SPRINGTIME FOR KAMALA: Kamala Harris Quoted One Of Hitler’s Favorite Writers In Her Concession Speech.

Carlyle’s original quote was less exact: “The eternal stars shine out again, as soon as it is dark enough.” Regardless, according to the website Quote Investigator, in a published paper Beard himself attributed his own take on the aphorism directly to Carlyle: “In conclusion we may say, with Carlyle, when it grows dark enough we can see stars.”

Why does this matter? Well, if you poke around you’ll see that Carlyle was reviled for much of the 20th century as the illiberal “prophet of fascism.” Oh and then there’s this:

In his waning days, defeated and surrounded only by loyalists in his bunker, Hitler sought consolation from the literature he admired the most. According to many biographers, the following scene took place. Hitler turned to Goebbels, his trusted assistant, and asked for a final reading. The words he chose to hear before his death were from Thomas Carlyle’s biography of Frederick the Great.

Now to be fair to Carlyle, like a lot of influential intellectuals, he was a lot more complex and nuanced than his critics make him out to be. He’s probably better known as the originator of the “great man of history” theory than for his supposed fascism, though a lot of people contentiously argue that the former leads to the latter. His reputation has been rehabbed somewhat since the mid-20th century when he was more reviled, but he’s exactly the kind of figure that woke academics extend almost no grace toward. (And that’s without even getting into his 19th century views on race.)

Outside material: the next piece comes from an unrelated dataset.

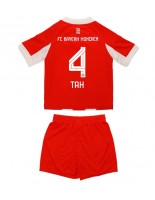 Otroške Nogometnih dresov Bayern Munich Jonathan Tah #4 Domači 2025-26 Kratki rokavi (+ hlače)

Anyway, the long and short of it is that, while Kamala Harris was graciously conceding her electoral loss to a man she had insincerely warned was dangerous fascist, she tried to soothe her supporter’s souls by, however inadvertently, quoting one of Hitler’s favorite historians. Absolute perfection.

It’s great to see the final episode of HBO’s Veep go out on such a brilliantly satiric note.